Paul James - Editorial Comment

Issue 50 Aug / Sep 2009


Welcome to the 50th issue and, as it happens, 10th anniversary of mondo*arc magazine. It seems hardly possible that we began this journey in 1999.

Back then things were very different; mondo*arc was launched as a quarterly supplement to our sister title mondo*dr (still going strong after 19 years covering the entertainment industry) when we started to find out about theatrical lighting companies getting involved in the architectural world. This was very much the colour washing variety from the likes of Martin Professional, Griven and Studio Due.

I don’t mind admitting that we didn’t know our ERCOs from our Zumtobels and we certainly weren’t aware of the level of passion and creativity that existed in the profession of the architectural Lighting Designer. However we persevered and have got to the position today where, despite some other publications falling by the wayside or reducing quality, we believe mondo*arc is well established in the international architectural lighting design fraternity. Indeed, far from cutting costs, we have added to our editorial staff as of this issue with Pete Brewis, formerly editor of mondo*dr, coming on board as Deputy Editor.

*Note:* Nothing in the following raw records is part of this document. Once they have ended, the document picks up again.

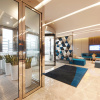 Отель Holiday Inn Express Hefei Shushan, an IHG Hotel, фото 16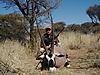 hunting_gemsbok_155.JPG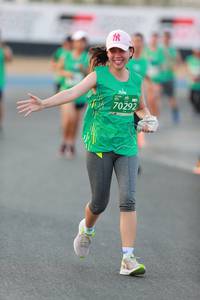 BIB: 70292
                            <button type="button" onclick="openModal(10499373)" class="btn btn-primary btn-sm float-right btn-popup" data-toggle="modal" data-target=".modal-high-quality">
                        <i class="fas fa-shopping-cart"></i> Add to Cart
                    </button>
                                            <button type="button" onclick="isThisMe(10499373, true)" class="btn btn-success btn-sm float-right btn-popup btn-isme hidden" data-toggle="tooltip" data-placement="bottom" title="นี่คือรูปของคุณใช่ไหม คลิกที่นี่เพื่อเอาเข้าอัลบั้ม">
                        <i class="fas fa-plus"></i> Add to album
                    </button>
                    <button type="button" onclick="isThisMe(10499373, false)" class="btn btn-warning btn-sm float-right btn-popup btn-isnotme hidden">
                        <i class="fas fa-ban"></i> Remove from album
                    </button>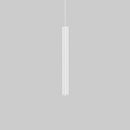 Wever & Ducré Match 3.0 Pendant Light | All Square Lighting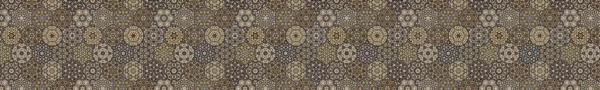 51-art-kitchen - Image 2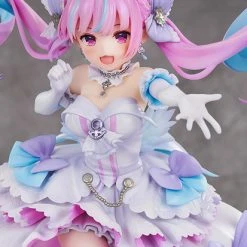 GOOD SMILE Minato Aqua Aqua Iro Super Dream Ver Hololive Production Figure -Toy Model Cosplay Store 4580416944427 figure minato aqua aqua iro super dream ver hololive production alte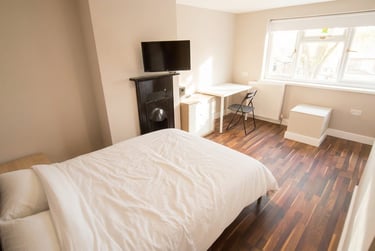 6 bed house, Rolleston Drive, Lenton, Nottingham, NG71LA - Image 7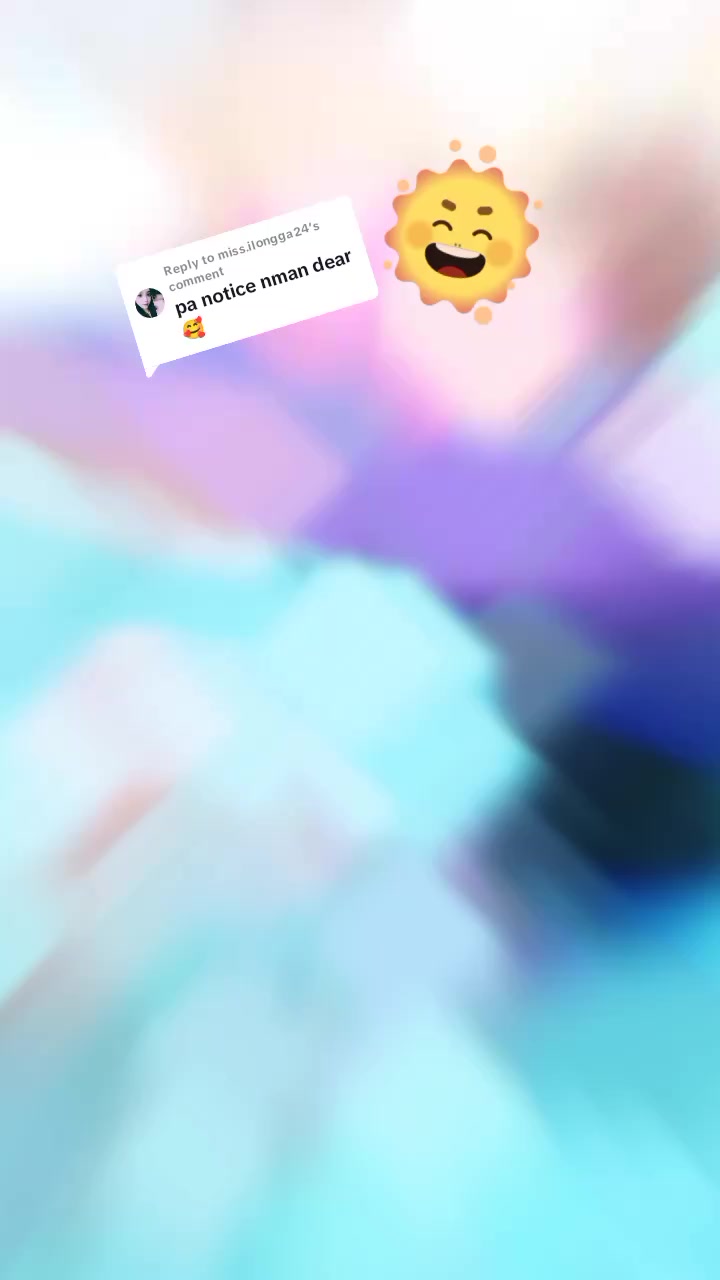 @MeganaYebz🦅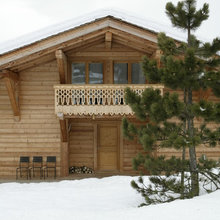 Mon rêve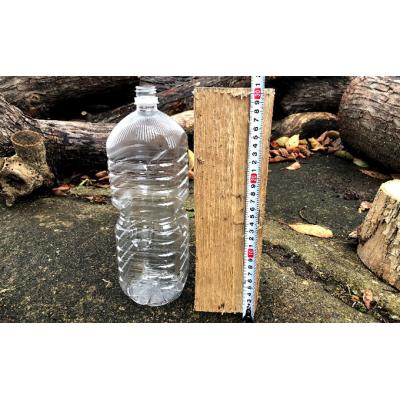 ふるさと納税 羽後町 太陽の薪　18箱3回配送 [No.5325-0030] |  | 03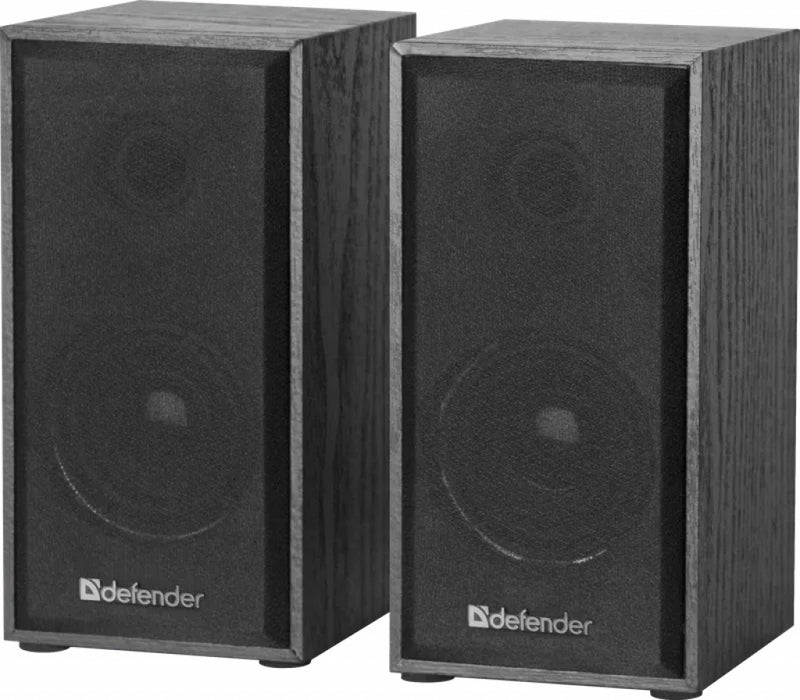 Defender SPK 240 loudspeakers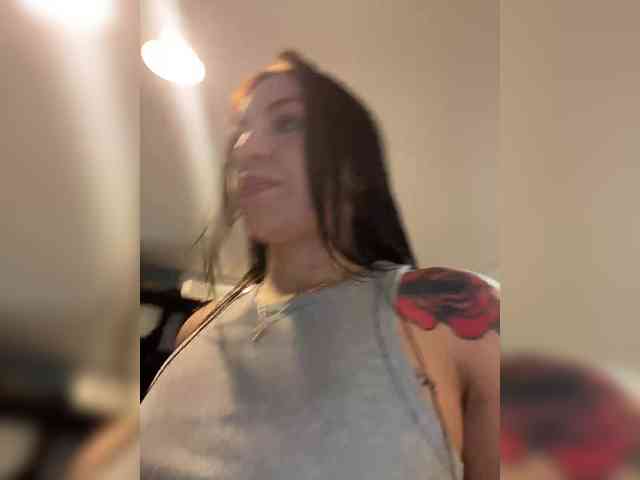 Chicamala Live Webcam on BongaCams Chicamala Live Webcam on BongaCams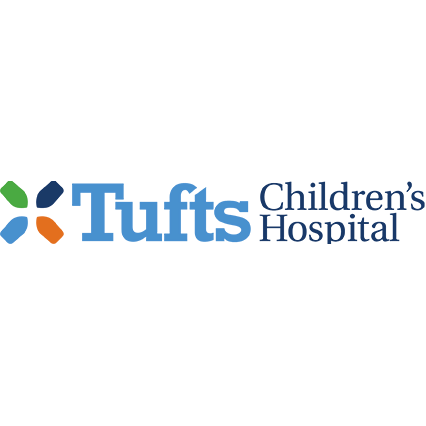 Tufts Children's Hospital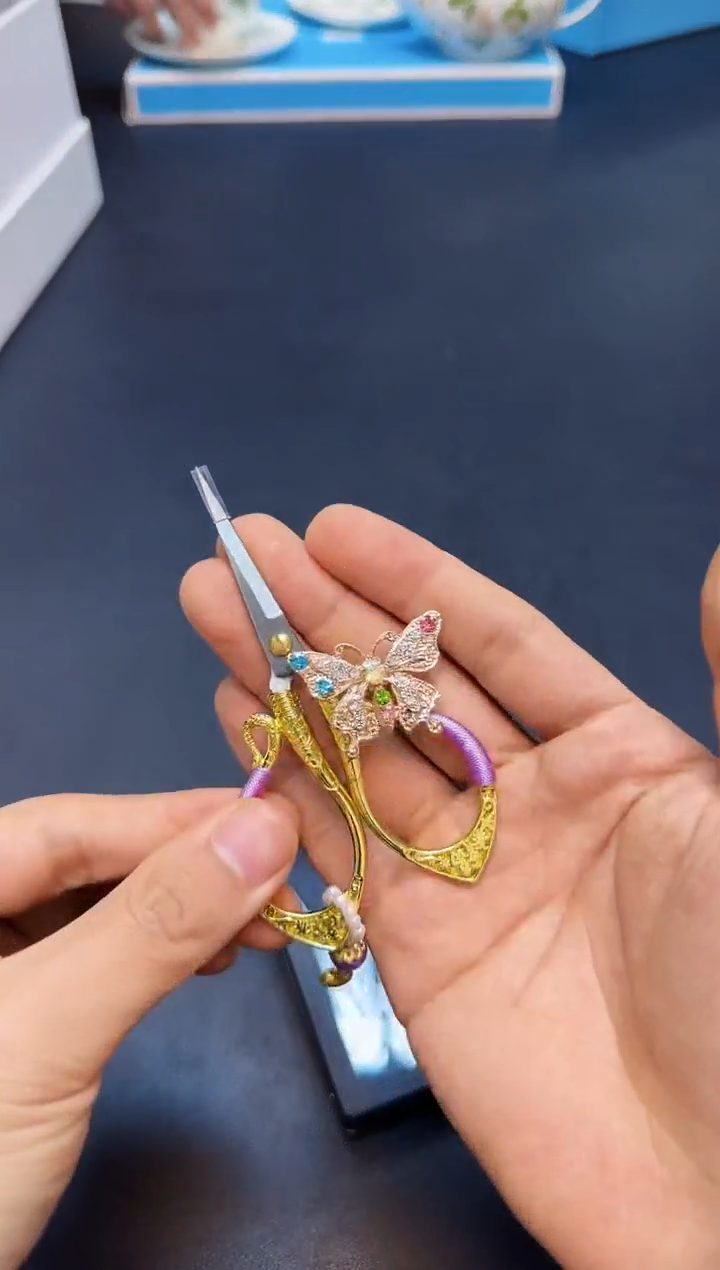 【闪购商品】杯全新正品一件不留@@7S2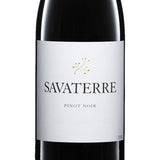 Simply-Wines-SAVATERRE-Pinot-Noir-2017-Australia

A lot has happened in those ten years - both for this magazine and for the industry. LEDs have controversially come to the fore, the incandescent bulb is being banned, we launched The ARC Show as the UK’s only architectural lighting trade show, and the profession of the Lighting Designer has become much more recognised. It is for this reason that we have launched our ‘50 Lighting Designers’ survey where we talked to 50 practices across the world to find out where we are today in terms of turnover, staffing levels and their thoughts on the industry - past, present and future.

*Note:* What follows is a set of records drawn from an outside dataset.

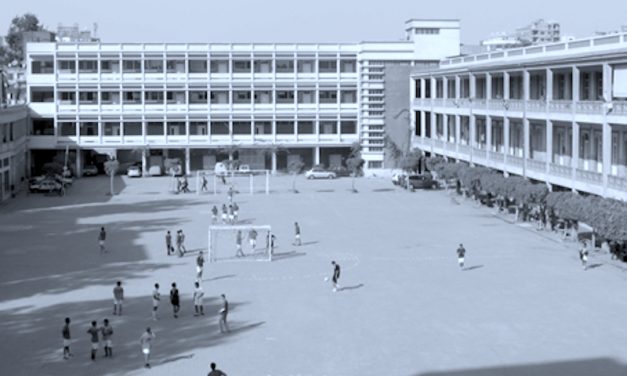 DON BOSCO BEYOND THE REVOLUTIONS OF YESTERDAY AND TODAY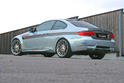 G Power BMW M3 Hurricane 337 Edition 9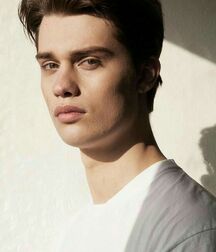Daniel Vegas - Russian Male Model 62ea700c5e865.jpg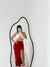 cropped paula multi formas - Sweet Gringa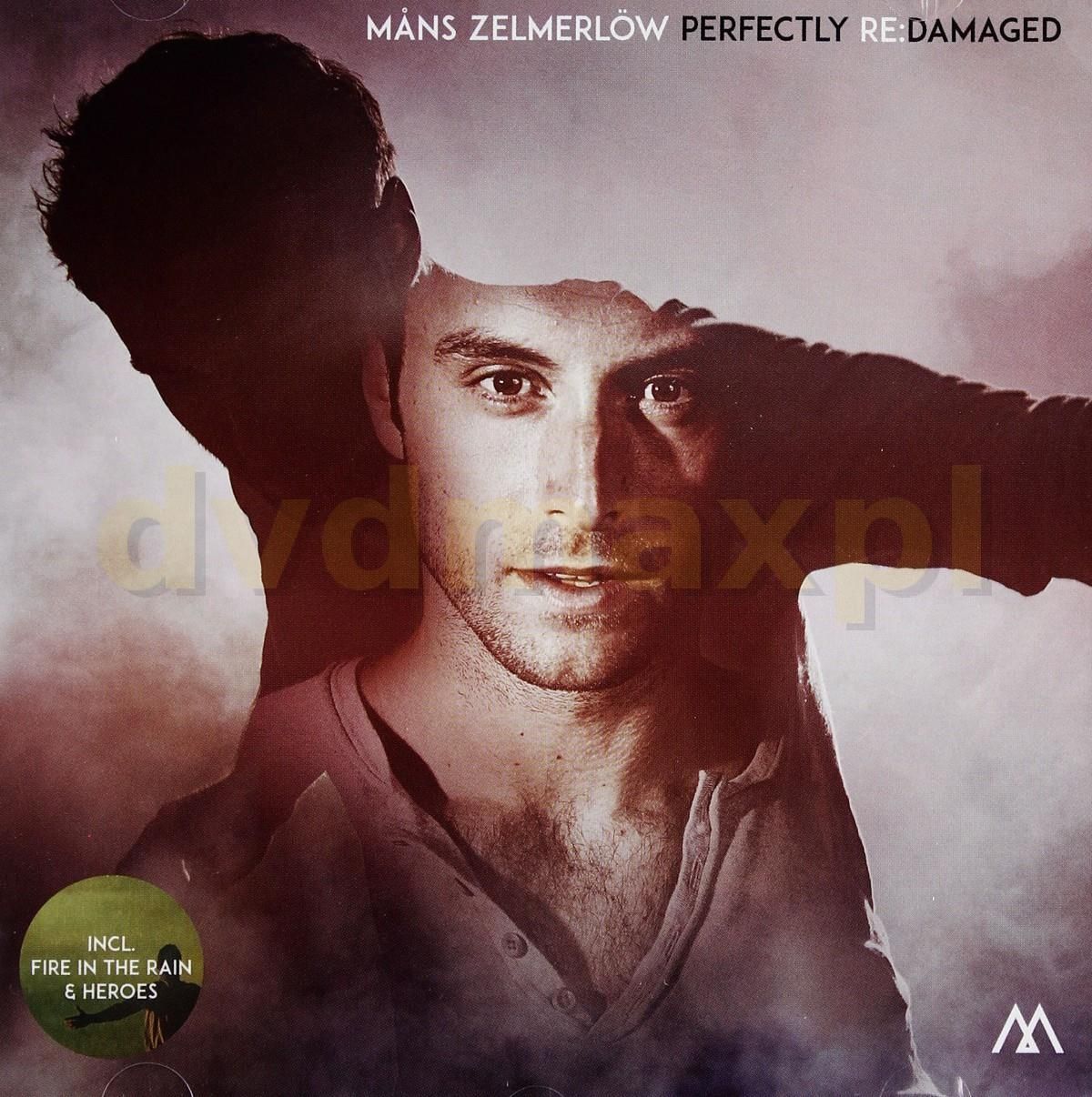 レア CRACKS BROTHERS 【LOST IN SOCIETY】CD WENOD RECORDS : CRACKS BROTHERS - LOST IN SOCIETY [CD+TAPE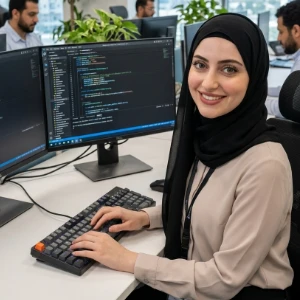 الصورة الشخصية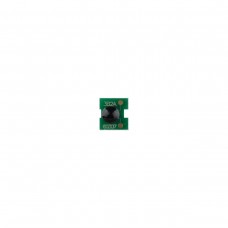 Hp CF382A Sarı Toner Chip (312A)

It is a testament to the development of the Lighting Design profession that we can cover a project like the Grand Mosque in Abu Dhabi. Here, the client has engaged with the Lighting Designer (Speirs and Major Associates) at an early stage, and presumably at reasonable expense, to ensure that the scheme enhances the architecture in a sympathetic way.

It would have been easy for the client to save time and money employing an engineer or indeed a manufacturer to come up with a crass colour changing scheme. Instead, by employing a Lighting Design practice that harmoniously collaborated with the lighting manufacturers, a magical scheme has been created that has put the Grand Mosque even more firmly on the map of religious iconic architecture.

It’s projects like these that enhance the value of Lighting Designers and puts them in their rightful place alongside architects and engineers in the design process.